Specifying a Schema

BigQuery allows you to specify a table's schema when you load data into a table, and when you create an empty table. Alternatively, you can use schema auto-detection for supported data formats. When you load Avro or Cloud Datastore backup files, the schema is inferred from the data. After loading data or creating a table, you can update the schema definition.

When you load data, you can specify a table's schema in one of the following ways:

  • Add the schema manually in the BigQuery web UI.
  • Specify the schema inline using the CLI.
  • Provide a schema file in JSON format.
  • Specify the configuration.load.schema property when inserting a load job using the API or Client Libraries.

When you specify the schema, you must consider the following items:

Schema components

When you specify a table's schema, you must identify each field's:

  • Name
  • Data type

You can optionally specify:

  • Field descriptions
  • Modes (if no mode is specified, the default is NULLABLE)

Field names and descriptions

A field name must contain only letters (a-z, A-Z), numbers (0-9), or underscores (_), and it must start with a letter or underscore. The maximum field name length is 128 characters.

Each field can include a description. The description is a string with a maximum length of 1,024 characters.

You can specify field descriptions in the BigQuery web UI as a JSON array or using a JSON schema file. You cannot add a description using the Add Field option in the UI, but you can manually add field descriptions in the UI after you load your data.

Standard SQL data types

BigQuery standard SQL allows you to specify the following data types in your schema:

Type Description
Integer Numeric values without fractional components
Floating point Approximate numeric values with fractional components
Boolean TRUE or FALSE (case insensitive)
String Variable-length character (Unicode) data
Bytes Variable-length binary data
Date A logical calendar date
Datetime A year, month, day, hour, minute, second, and subsecond
Time A time, independent of a specific date
Timestamp An absolute point in time, with microsecond precision
Struct (Record) Container of ordered fields each with a type (required) and field name (optional)

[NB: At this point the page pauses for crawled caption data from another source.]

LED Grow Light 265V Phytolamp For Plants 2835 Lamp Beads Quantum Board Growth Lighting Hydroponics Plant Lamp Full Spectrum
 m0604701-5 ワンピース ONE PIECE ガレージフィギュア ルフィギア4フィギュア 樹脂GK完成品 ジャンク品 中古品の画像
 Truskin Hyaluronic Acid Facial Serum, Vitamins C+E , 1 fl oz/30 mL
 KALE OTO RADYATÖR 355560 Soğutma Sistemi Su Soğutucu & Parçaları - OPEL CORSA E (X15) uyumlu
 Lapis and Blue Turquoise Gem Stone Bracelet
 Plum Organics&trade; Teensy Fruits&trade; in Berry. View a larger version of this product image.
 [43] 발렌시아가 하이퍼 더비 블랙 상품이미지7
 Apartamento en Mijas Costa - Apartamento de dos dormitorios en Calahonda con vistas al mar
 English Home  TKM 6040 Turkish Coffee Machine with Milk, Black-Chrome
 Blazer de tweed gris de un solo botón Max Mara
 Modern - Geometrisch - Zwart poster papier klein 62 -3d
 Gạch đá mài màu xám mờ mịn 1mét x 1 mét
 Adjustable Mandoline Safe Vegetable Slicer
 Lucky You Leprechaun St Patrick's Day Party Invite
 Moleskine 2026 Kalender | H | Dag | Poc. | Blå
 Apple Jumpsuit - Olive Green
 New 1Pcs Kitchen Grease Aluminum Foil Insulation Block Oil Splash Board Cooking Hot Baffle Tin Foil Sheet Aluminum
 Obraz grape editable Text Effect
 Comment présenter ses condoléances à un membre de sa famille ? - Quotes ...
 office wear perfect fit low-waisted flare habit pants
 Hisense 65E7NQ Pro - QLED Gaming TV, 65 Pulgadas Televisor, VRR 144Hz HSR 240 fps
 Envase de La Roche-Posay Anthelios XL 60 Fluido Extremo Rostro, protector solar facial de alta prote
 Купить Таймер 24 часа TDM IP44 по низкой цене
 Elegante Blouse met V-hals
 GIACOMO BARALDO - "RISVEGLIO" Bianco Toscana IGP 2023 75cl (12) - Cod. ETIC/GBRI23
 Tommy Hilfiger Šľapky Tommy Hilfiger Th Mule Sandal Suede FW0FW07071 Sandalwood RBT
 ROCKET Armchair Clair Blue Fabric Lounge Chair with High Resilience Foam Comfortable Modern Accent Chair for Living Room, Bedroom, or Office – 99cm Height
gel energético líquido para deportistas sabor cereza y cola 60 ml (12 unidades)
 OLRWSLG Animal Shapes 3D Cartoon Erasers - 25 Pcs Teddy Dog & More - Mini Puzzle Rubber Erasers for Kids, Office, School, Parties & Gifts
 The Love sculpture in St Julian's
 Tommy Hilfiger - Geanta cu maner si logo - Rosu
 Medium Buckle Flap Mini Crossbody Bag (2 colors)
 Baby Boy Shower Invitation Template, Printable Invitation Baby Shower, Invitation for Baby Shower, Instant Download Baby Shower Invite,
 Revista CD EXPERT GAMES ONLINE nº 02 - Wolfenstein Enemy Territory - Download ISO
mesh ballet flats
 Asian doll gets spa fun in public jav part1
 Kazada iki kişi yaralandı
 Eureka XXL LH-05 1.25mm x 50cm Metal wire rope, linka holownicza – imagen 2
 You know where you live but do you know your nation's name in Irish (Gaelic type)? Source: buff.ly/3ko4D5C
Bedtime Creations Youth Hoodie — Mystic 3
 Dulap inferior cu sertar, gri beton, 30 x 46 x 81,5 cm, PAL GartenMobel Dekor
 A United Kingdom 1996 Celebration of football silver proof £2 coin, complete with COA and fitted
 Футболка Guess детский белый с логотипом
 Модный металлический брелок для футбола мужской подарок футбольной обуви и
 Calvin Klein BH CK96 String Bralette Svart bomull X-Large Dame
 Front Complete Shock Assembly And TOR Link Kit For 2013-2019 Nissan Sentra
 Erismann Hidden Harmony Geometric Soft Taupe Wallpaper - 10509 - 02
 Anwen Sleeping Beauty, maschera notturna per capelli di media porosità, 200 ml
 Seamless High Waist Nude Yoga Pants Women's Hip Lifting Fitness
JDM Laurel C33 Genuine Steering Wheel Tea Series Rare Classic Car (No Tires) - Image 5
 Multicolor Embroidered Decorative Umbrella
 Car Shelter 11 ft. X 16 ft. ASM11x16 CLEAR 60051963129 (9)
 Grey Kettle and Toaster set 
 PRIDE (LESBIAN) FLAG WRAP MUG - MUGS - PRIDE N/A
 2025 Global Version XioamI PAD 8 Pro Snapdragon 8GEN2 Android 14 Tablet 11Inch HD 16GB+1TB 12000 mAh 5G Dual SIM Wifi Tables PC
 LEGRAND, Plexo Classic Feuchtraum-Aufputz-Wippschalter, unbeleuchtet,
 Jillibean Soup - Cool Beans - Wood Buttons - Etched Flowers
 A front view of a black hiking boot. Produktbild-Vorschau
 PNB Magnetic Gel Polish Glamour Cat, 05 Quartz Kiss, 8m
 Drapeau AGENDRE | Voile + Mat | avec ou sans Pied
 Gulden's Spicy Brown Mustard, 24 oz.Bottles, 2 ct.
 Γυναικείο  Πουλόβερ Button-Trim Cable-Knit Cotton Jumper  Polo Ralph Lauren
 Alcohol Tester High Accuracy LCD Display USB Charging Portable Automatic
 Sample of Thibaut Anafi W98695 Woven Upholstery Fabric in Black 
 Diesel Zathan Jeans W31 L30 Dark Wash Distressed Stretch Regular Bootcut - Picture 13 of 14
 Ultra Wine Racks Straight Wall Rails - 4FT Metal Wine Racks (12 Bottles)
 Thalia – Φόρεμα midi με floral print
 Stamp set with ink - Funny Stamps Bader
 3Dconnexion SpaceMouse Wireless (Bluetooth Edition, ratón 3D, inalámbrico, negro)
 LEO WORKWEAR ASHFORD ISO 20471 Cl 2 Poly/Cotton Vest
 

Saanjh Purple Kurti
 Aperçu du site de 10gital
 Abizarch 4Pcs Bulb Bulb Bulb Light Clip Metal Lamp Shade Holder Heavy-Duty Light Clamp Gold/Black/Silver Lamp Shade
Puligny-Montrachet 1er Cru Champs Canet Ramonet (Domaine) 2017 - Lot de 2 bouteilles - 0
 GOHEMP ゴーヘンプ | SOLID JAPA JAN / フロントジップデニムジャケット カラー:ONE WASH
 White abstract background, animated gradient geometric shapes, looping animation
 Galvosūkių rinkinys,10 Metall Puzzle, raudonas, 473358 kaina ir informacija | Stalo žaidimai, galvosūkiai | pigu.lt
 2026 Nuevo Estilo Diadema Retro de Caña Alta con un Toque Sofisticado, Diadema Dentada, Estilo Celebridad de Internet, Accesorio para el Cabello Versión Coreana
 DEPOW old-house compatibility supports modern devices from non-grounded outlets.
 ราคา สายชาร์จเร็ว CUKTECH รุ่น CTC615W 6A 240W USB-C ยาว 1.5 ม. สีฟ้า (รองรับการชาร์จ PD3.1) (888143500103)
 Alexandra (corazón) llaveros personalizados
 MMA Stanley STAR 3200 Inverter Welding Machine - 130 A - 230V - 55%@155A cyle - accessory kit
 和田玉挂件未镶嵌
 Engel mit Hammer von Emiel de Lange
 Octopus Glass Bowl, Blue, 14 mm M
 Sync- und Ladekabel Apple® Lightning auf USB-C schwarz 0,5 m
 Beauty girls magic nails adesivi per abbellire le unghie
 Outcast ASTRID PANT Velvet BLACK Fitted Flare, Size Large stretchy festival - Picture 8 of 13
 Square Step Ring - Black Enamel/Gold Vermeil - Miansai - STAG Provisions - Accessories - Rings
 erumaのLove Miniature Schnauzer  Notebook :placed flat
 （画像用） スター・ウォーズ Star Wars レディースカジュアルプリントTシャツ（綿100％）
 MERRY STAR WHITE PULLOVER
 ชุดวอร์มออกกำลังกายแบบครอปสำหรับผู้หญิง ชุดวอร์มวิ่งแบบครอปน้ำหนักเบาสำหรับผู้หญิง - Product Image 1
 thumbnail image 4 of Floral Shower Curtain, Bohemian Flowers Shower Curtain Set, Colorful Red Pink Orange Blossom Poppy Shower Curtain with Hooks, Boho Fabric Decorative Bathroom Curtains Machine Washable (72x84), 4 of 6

For more information on data types in standard SQL, see Data Types.

You can also declare an array type when you query data. For more information, see Working with arrays.

Field modes

Standard SQL supports the following field modes in your schema:

Mode Description
Nullable Field allows NULL values (default)
Required NULL values are not allowed
Repeated Field contains an array of values of the specified type

For more information on field modes, see schema.fields.mode in the REST API reference.

Manually specifying schemas

When you load data into BigQuery, you can manually specify a table's schema using the BigQuery web UI or the CLI. Manually specifying a schema is supported for CSV and JSON (newline delimited) files. When you load Avro or Cloud Datastore backup data, BigQuery automatially retrieves the schema using the source data.

To manually specify a table schema:

Web UI

In the BigQuery web UI, you can specify a schema using the Add Field option or the Edit as Text option. You cannot specify a description when you use the Add Field option. To add field descriptions, use Edit as Text and specify the schema as a JSON array.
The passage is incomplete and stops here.